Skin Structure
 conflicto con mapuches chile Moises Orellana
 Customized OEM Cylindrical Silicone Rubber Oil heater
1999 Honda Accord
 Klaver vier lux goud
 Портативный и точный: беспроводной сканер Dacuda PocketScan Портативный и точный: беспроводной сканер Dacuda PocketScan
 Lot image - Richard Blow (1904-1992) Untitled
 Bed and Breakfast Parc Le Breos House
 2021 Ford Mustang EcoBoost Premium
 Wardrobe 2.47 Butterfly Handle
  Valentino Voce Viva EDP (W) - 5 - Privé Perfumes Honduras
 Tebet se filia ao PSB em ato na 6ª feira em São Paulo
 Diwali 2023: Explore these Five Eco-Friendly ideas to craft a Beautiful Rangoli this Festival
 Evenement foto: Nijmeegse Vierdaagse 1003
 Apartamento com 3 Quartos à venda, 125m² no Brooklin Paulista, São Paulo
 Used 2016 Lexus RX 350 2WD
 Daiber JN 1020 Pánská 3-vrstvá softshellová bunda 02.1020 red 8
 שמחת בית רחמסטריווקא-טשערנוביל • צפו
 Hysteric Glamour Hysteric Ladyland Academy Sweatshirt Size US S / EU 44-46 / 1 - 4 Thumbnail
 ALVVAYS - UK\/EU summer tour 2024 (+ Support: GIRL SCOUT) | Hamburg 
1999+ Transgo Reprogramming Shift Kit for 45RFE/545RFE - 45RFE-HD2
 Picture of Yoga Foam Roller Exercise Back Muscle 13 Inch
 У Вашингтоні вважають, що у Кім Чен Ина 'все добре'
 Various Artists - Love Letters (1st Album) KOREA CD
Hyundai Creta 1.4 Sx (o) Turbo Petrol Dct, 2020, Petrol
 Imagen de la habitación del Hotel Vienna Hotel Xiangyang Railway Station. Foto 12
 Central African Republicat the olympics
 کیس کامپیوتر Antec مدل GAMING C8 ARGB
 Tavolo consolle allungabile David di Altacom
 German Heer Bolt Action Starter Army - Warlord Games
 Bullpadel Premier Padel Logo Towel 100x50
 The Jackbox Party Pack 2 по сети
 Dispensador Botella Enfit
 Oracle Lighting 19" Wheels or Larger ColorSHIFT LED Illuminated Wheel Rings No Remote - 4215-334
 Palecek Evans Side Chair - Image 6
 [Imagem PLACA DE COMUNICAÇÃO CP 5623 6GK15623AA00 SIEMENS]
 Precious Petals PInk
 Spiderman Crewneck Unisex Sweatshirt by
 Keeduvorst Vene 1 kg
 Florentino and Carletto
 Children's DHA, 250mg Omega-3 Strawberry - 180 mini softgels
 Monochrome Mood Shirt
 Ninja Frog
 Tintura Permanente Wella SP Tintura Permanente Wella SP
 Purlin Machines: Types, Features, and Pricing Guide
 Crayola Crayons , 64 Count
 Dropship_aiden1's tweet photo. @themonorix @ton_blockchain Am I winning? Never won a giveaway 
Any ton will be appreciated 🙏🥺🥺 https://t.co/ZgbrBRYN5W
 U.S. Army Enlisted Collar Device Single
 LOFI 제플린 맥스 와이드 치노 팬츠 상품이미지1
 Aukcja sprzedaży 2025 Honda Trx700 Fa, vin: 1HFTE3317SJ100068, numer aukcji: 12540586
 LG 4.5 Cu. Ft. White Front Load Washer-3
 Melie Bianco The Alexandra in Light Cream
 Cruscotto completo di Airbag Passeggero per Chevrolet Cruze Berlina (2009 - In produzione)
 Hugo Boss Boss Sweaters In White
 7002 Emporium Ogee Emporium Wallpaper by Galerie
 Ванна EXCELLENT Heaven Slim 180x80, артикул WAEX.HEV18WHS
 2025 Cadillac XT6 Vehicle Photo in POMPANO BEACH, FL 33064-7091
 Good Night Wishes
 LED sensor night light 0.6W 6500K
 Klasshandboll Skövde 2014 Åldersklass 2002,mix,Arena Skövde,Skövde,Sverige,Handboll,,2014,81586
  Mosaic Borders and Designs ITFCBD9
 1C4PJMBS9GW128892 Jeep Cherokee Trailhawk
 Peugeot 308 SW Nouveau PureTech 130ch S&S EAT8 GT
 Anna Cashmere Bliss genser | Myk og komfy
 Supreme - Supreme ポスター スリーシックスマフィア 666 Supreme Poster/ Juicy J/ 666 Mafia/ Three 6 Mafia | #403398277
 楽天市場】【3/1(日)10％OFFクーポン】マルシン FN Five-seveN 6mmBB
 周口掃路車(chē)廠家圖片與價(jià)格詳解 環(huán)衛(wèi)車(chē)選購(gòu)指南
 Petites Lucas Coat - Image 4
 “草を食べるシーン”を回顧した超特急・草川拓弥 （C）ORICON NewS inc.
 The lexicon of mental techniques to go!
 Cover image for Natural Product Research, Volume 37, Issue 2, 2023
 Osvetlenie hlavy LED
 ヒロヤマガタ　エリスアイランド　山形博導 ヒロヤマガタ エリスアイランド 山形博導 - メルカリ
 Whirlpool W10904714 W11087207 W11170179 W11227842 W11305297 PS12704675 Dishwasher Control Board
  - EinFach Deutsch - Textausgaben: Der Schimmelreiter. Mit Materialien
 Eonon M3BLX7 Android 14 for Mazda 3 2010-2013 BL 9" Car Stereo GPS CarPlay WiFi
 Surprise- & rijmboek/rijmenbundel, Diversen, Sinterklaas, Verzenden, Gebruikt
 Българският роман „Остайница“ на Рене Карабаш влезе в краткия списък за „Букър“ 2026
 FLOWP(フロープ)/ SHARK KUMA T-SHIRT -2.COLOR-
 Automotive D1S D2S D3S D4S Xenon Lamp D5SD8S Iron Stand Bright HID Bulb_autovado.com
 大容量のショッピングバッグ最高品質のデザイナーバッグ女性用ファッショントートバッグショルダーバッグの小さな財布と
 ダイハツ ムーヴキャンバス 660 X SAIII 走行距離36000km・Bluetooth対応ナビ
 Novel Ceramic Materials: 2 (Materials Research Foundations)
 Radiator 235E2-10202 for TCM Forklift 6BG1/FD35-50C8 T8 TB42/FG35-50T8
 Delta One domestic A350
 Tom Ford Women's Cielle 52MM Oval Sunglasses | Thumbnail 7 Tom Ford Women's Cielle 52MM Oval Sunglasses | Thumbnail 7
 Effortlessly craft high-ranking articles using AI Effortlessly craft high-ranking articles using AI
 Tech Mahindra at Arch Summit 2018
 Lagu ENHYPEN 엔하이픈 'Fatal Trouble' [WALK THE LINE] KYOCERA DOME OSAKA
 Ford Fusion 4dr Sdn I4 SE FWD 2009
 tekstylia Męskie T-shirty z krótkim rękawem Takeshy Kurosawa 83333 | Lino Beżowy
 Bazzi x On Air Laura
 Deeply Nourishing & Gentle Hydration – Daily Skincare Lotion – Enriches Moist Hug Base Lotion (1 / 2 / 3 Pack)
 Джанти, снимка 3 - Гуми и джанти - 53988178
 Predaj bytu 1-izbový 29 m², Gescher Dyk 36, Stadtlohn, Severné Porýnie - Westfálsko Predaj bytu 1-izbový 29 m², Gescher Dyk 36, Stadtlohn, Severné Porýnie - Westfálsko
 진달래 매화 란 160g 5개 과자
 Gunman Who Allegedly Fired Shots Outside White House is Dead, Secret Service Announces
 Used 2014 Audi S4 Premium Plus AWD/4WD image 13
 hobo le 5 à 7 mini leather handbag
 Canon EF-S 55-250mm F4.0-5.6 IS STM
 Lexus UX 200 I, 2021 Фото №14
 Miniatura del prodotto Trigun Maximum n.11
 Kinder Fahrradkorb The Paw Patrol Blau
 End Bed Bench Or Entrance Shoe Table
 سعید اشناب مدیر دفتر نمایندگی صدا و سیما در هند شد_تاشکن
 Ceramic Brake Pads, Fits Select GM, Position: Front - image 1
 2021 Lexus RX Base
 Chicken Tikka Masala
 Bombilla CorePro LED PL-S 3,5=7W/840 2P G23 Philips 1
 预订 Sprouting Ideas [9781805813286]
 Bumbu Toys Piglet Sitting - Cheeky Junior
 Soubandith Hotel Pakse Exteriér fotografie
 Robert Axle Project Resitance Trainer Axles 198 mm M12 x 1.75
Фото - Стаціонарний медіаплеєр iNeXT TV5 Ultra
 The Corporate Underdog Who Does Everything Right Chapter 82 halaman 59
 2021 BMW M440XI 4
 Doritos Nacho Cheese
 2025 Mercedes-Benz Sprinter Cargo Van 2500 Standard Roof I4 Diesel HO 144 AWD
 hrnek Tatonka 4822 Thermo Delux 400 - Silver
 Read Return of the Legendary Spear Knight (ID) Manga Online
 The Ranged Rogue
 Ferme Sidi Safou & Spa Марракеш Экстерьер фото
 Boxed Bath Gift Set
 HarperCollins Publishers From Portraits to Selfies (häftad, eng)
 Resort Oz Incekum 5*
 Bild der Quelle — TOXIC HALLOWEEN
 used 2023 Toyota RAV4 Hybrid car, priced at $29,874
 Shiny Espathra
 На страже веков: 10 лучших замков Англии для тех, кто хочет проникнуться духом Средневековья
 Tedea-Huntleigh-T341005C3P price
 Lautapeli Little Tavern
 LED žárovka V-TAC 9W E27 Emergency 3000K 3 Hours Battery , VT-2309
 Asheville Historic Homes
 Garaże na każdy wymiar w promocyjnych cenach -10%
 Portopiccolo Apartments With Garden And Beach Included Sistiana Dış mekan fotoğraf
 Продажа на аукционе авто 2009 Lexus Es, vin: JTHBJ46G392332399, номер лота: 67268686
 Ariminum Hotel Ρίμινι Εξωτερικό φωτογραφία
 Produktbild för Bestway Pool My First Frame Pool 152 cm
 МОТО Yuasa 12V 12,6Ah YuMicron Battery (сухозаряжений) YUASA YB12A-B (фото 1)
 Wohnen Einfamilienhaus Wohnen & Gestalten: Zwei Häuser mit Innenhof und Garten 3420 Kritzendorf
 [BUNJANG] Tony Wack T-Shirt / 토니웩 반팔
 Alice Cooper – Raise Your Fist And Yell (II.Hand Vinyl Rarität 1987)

···

▶ _WORK INSTRUCTIONS_
Print exactly the lines of the listing above starting at the line containing "Imagen de la" and ending at the line containing "Keeduvorst Vene 1 kg", both included.

▶ _ANSWER SPACE_
 Imagen de la habitación del Hotel Vienna Hotel Xiangyang Railway Station. Foto 12
 Central African Republicat the olympics
 کیس کامپیوتر Antec مدل GAMING C8 ARGB
 Tavolo consolle allungabile David di Altacom
 German Heer Bolt Action Starter Army - Warlord Games
 Bullpadel Premier Padel Logo Towel 100x50
 The Jackbox Party Pack 2 по сети
 Dispensador Botella Enfit
 Oracle Lighting 19" Wheels or Larger ColorSHIFT LED Illuminated Wheel Rings No Remote - 4215-334
 Palecek Evans Side Chair - Image 6
 [Imagem PLACA DE COMUNICAÇÃO CP 5623 6GK15623AA00 SIEMENS]
 Precious Petals PInk
 Spiderman Crewneck Unisex Sweatshirt by
 Keeduvorst Vene 1 kg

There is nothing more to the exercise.